Your question in fact has multiple layers. I’ll try to address them one by one.
1. Nested class
The name of a nested class is in the scope of the enclosing class. This is the only thing important about the nested class. It does not change the memory layout or alignment requirement of the enclosing class. For example:
struct X1 {
int p;
struct A {
double q;
};
};
sizeof(X1)
is 4 and alignof(X1)
is 4.
However, this is different:
struct X2 {
int p;
struct A {
double q;
} a; // --> Note this part
};
Now that A a
is a data member of X2, sizeof(X2)
is 16 and alignof(X2)
is 8.
2. Empty class size
The size of any object or member subobject is required to be at least 1 even if the type is an empty class type.
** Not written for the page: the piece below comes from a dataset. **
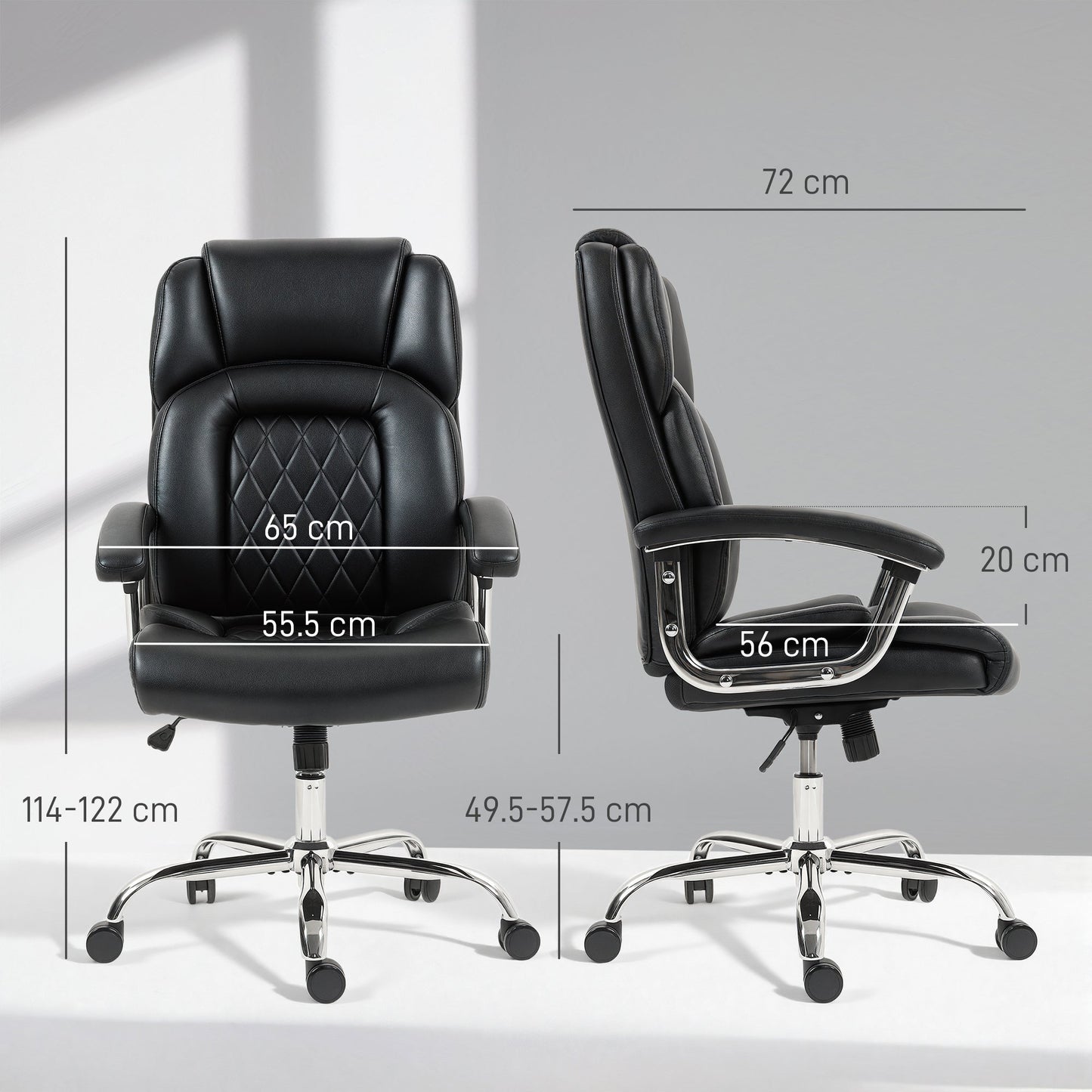 HOMCOM Big and Tall Office Chair 180kg with Spring Cushion, PU Leather - Black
This means:
struct X3 {
};
Both sizeof(X3)
and alignof(X3)
are 1. This is actually what’s happened to your second printf
: S2
is an empty class (with S
being its nested class), so its alignment requirement is 1.
3. std::aligned_storage
I’m not an expert in libcu++, but from the standpoint of C++, the way you use std::aligned_storage
for aligned buffer is incorrect. It should be:
std::aligned_storage<Len,Align>::type buf; // C++11
std::aligned_storage_t<Len,Align> buf; // since C++14
A sample implementation of std::aligned_storage
is given here. It has only a nested class, and consequently its size and alignment requirement are both 1. This is what’s happened to your first printf
.
Nit: std::aligned_storage
is to be deprecated in C++23. I guess libcu++
will take this into account and eventually deprecate it too. Consider simply implementing your own aligned buffer.
4. alignof operator
To conform to the C++ standard, you probably should pass a type rather than an object to align(T)
. Consider using one of the following instead:
alignof(decltype(ss)); // C++
__alignof(ss); // CUDA built-in
__alignof(S2); // CUDA built-in